Continuing on from our previous article concerning pre-immigration planning, this article will explain the tax rules by which an individual seeking to renounce his or her U.S. citizenship or green card status may be affected.
To relinquish U.S. citizenship or a green card, a formal act of relinquishment is required. Therefore, a green card holder who moves outside the U.S. will continue to be treated as a U.S. resident for tax purposes until he or she formally relinquishes green card status or it is rescinded by the government. A U.S. citizen residing outside the U.S. will have to formally relinquish his or her citizenship in order to be removed from the U.S. tax system. As a general rule, termination of U.S. residency becomes effective on the last day of the calendar year in which the status was relinquished. However, under certain circumstances, termination may be effective midyear.

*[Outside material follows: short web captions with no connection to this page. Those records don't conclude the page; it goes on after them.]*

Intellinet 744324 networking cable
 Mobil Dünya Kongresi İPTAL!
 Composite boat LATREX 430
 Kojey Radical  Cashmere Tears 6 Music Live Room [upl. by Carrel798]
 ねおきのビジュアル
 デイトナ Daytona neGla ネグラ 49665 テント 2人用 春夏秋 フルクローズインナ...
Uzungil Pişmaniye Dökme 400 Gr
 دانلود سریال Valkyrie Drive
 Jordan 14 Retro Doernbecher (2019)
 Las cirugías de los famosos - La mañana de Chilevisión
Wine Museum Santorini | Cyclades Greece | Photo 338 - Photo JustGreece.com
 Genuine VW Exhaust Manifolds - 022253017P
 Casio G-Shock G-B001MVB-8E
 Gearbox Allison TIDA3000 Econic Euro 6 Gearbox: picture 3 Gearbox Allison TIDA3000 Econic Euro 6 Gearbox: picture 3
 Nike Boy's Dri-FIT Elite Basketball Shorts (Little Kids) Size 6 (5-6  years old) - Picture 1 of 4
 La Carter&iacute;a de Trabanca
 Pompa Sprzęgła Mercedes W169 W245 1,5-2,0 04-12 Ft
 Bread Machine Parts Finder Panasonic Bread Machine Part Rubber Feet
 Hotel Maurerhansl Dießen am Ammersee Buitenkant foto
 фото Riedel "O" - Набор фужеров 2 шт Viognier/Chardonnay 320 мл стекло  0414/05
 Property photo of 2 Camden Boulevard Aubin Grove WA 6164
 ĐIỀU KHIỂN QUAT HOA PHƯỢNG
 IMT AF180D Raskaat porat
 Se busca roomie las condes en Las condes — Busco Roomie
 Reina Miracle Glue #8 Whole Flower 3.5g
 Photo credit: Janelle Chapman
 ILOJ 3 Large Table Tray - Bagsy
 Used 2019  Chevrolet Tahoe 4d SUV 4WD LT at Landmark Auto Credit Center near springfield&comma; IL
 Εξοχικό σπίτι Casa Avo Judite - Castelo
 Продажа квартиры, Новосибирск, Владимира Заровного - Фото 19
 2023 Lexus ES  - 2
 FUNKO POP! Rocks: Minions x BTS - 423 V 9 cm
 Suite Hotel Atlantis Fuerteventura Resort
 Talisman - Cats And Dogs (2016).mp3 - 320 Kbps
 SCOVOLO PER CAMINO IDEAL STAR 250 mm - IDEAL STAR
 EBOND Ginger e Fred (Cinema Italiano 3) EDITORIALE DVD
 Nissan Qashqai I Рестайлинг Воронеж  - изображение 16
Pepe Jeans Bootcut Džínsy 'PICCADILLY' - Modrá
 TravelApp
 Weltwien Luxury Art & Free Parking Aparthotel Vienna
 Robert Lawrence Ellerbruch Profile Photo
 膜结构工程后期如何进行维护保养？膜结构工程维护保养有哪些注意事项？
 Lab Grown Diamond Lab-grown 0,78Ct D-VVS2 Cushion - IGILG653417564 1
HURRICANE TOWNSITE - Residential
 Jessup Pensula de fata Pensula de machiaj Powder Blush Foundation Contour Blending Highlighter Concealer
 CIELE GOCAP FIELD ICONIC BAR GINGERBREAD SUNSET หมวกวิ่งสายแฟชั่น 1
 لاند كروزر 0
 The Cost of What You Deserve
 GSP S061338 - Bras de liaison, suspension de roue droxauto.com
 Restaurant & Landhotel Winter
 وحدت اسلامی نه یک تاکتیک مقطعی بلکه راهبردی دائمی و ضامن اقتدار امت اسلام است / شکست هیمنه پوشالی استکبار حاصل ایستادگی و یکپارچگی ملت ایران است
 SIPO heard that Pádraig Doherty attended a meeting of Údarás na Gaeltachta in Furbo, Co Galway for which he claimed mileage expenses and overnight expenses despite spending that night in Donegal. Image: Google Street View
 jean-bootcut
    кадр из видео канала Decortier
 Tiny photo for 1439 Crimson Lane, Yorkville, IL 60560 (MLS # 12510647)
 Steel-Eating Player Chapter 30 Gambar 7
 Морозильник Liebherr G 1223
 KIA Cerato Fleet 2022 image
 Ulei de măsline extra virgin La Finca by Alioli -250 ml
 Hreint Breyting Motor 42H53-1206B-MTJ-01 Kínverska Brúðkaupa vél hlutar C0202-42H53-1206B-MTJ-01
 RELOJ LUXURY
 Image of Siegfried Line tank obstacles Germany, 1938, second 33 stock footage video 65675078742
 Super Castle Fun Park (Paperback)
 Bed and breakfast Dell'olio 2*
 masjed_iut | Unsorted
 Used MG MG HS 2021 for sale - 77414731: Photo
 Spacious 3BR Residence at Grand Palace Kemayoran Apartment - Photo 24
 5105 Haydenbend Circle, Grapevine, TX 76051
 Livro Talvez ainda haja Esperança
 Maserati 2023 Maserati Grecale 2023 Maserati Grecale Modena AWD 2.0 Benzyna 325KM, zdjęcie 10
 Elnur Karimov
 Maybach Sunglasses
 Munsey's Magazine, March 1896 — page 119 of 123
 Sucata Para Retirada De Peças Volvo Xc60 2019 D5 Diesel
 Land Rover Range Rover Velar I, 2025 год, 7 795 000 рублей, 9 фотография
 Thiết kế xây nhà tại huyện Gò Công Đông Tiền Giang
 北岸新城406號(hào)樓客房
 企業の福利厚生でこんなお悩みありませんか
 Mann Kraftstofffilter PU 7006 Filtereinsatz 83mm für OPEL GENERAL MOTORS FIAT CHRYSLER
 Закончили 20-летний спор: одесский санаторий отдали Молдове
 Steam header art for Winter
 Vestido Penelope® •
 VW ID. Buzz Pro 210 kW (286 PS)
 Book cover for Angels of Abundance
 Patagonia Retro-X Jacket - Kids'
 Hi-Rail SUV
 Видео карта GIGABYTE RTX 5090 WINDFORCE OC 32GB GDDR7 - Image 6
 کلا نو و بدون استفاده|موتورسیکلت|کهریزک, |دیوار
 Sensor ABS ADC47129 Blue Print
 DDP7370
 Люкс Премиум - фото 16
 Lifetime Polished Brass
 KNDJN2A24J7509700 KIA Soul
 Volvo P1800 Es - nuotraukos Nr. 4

Upon expatriation, should an individual be considered a “covered expatriate,” he or she may be subject to an exit tax, and following expatriation, any gifts and bequests made by such an individual may be subject to a succession tax in the case of U.S.-resident recipients.
For planning purposes, U.S. citizens wishing to relinquish their citizenship should determine if they are covered expatriates prior to undertaking any such action. Green card holders wishing to relinquish green card status must first determine if they are treated as long-term residents. If so treated, green card holders should determine if they are covered expatriates under the same tests applicable to U.S. citizens.